Thanks Mindy.  Can you send me your link re TN. Thanks again.

[JoyNJ]

Hi.
I developed trigeminal neuralgia after 25 fractionated steriodactic radiation treatments, probably beginning 6 or so months after treatment was done. I had electrical shooting pain on the right side of my face, in my teeth and gums and in the bone of my jaw. All from just under the eye to the bottom of my jaw bone and across to the exact middle of my face. Some days there was nothing, some days it was "bad". The bad is in quotation marks because the first week of June this year, I found out what bad was and ended up in the emergency room with pain that felt like someone had plugged in a 220 volt electrical line and was touching my face with it. The ER was no help, except to make me feel like a drug seeking junkie. My MD had me do a 10 day course of Prednisone and sent me to a neurologist who started me on Tegretol, with almost immediate results. I've increased the Tegretol 2 times since I began it and still have a low level of pain.

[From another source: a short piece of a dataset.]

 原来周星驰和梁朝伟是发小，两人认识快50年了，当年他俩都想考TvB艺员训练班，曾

What I found is that there are triggers to the pain. For some people it is cold air on the face, for some it is loud noises, or something touching the face. For me it is biting something tough or hard...no more cheese steaks subs or pizza for me! Also if I clinch my jaw, which I tend to do in my sleep, or jut my lower jaw forward. And if my face is touched. Even the touch of my sheet in bed will increase the pain. And I can no longer sleep on the right side as there is no way to do that without the side of my face touching the pillow. I know, I've tried everything to be able to sleep on my right side as that is my favorite sleeping position.

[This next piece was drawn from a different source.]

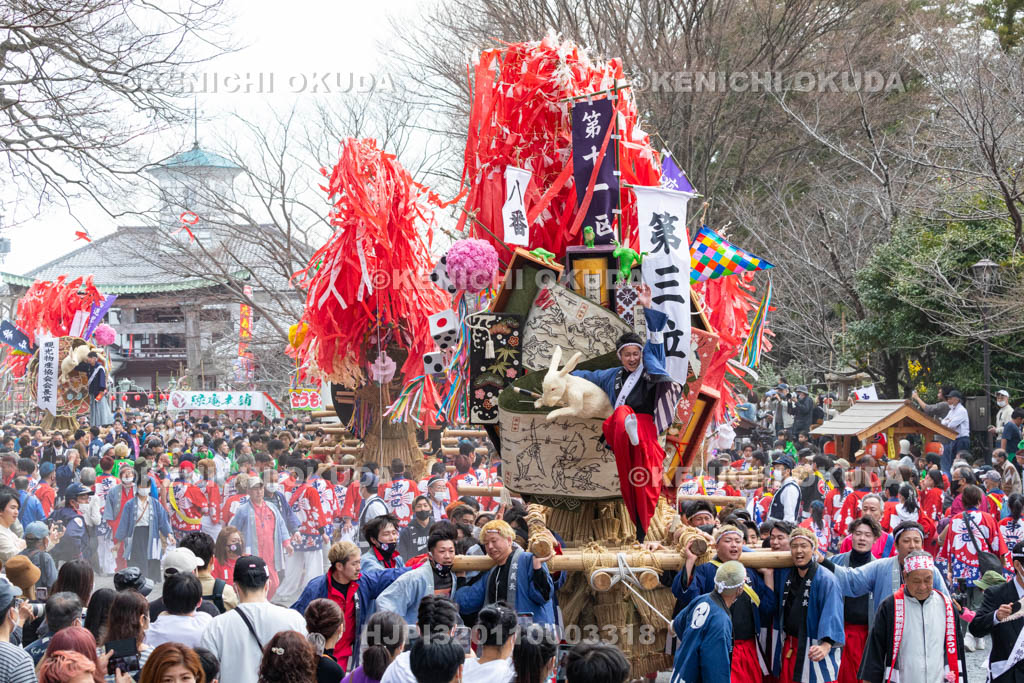 滋賀県　日牟禮八幡宮　左義長祭　左義長（第十一区）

I know I didn't have CK, but the total dose of radiation is close to the same with FSR and CK.

Don't despair about the TN. I got lucky with my neurologist for treatment. She's young, knowledgeable and sensitive to the pain it can cause. She tells me that we are starting low and slow with medications, that there are many options for treatment medications and even surgeries. She also is knowledgeable about the Acoustic Neuroma and will keep an eye on it. So far there is little change since radiation. Find a good neurologist to treat it who will listen to you about what goals you have for treatment and will help you get to those goals.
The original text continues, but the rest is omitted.